> _About this task_:
Once the pictures are set aside, transcribe each line of the data exactly.
- - - -
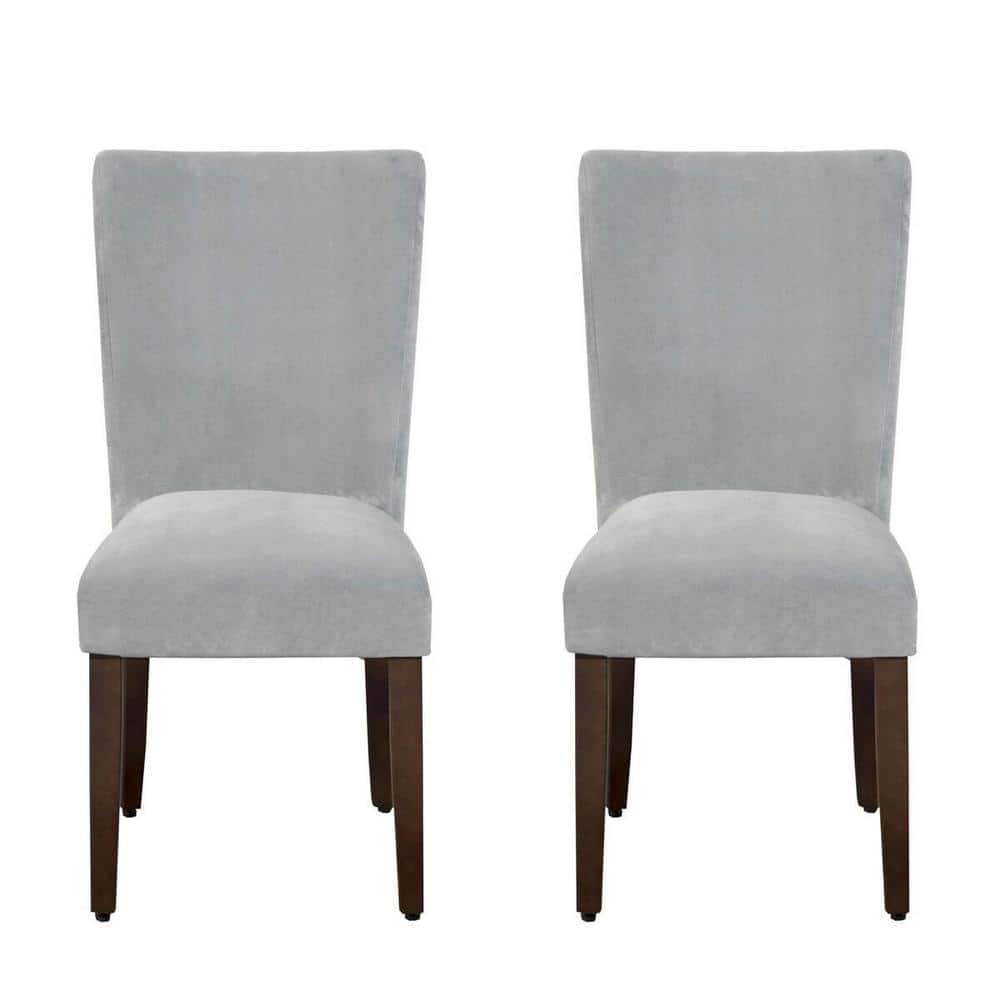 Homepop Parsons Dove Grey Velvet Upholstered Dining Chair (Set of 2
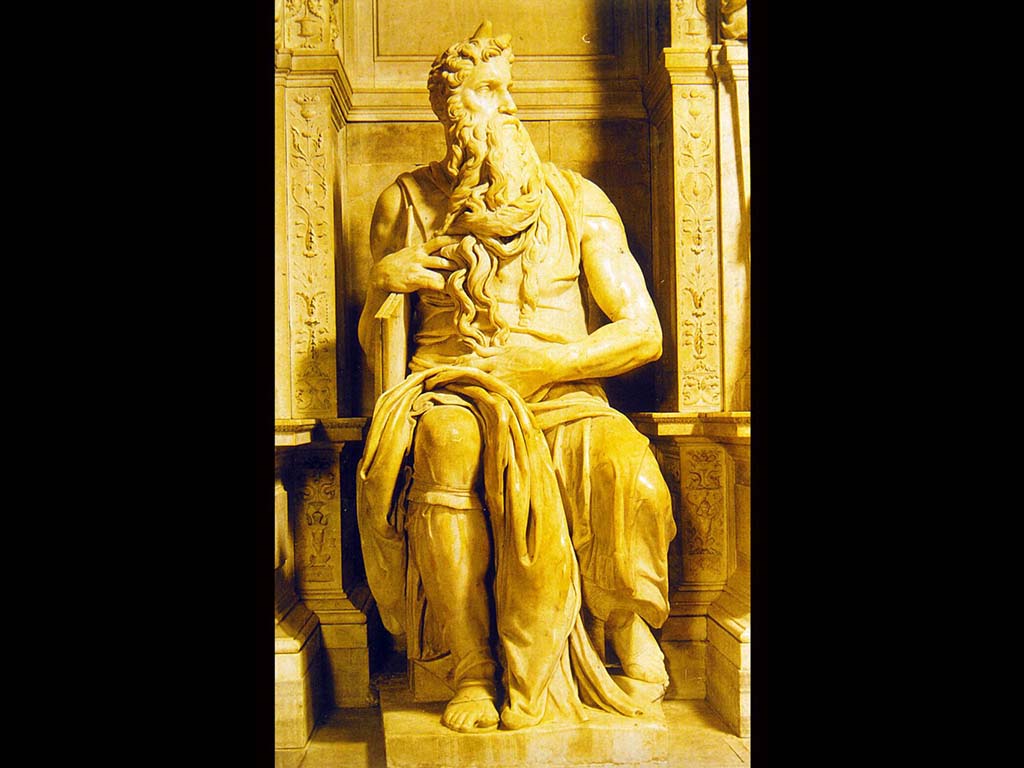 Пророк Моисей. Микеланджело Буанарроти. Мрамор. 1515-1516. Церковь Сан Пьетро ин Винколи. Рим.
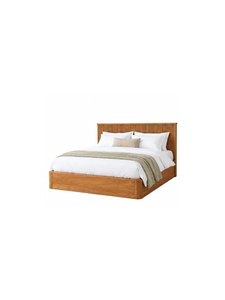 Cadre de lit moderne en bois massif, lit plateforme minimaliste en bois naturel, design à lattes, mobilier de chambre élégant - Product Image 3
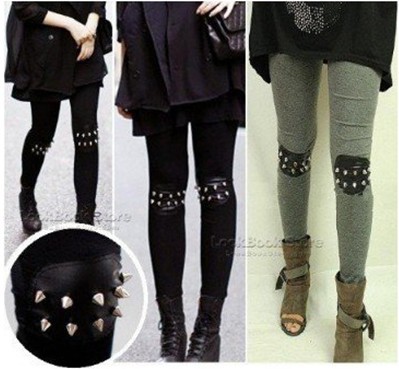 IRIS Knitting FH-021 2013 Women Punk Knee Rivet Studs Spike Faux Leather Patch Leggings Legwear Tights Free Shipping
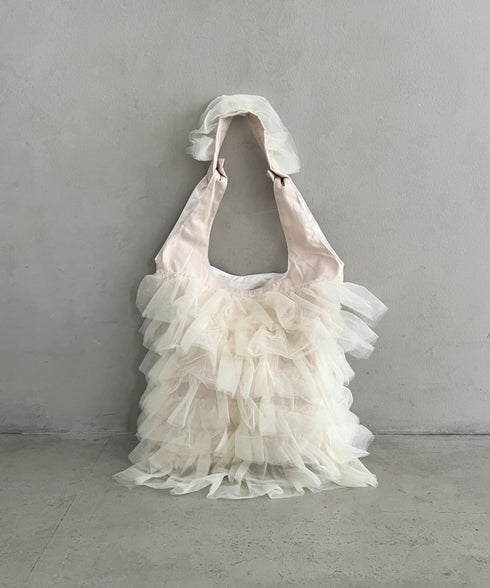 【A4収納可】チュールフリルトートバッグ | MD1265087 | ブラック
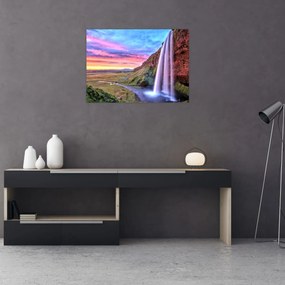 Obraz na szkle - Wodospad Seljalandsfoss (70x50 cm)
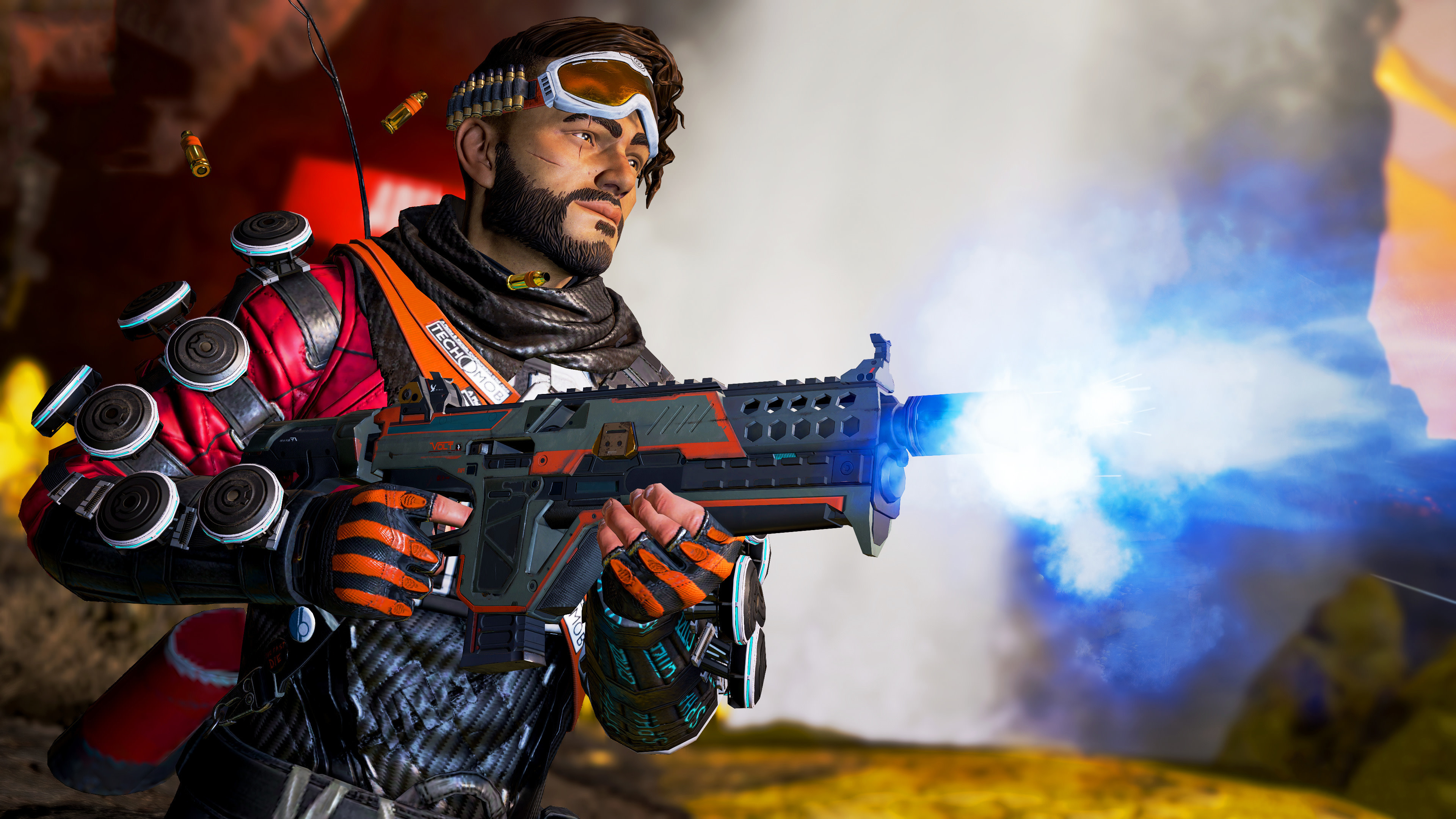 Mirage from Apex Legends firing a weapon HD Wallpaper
- - - -
> _Reply_:
 Homepop Parsons Dove Grey Velvet Upholstered Dining Chair (Set of 2
 Пророк Моисей. Микеланджело Буанарроти. Мрамор. 1515-1516. Церковь Сан Пьетро ин Винколи. Рим.
 Cadre de lit moderne en bois massif, lit plateforme minimaliste en bois naturel, design à lattes, mobilier de chambre élégant - Product Image 3
 IRIS Knitting FH-021 2013 Women Punk Knee Rivet Studs Spike Faux Leather Patch Leggings Legwear Tights Free Shipping
 【A4収納可】チュールフリルトートバッグ | MD1265087 | ブラック
 Obraz na szkle - Wodospad Seljalandsfoss (70x50 cm)
 Mirage from Apex Legends firing a weapon HD Wallpaper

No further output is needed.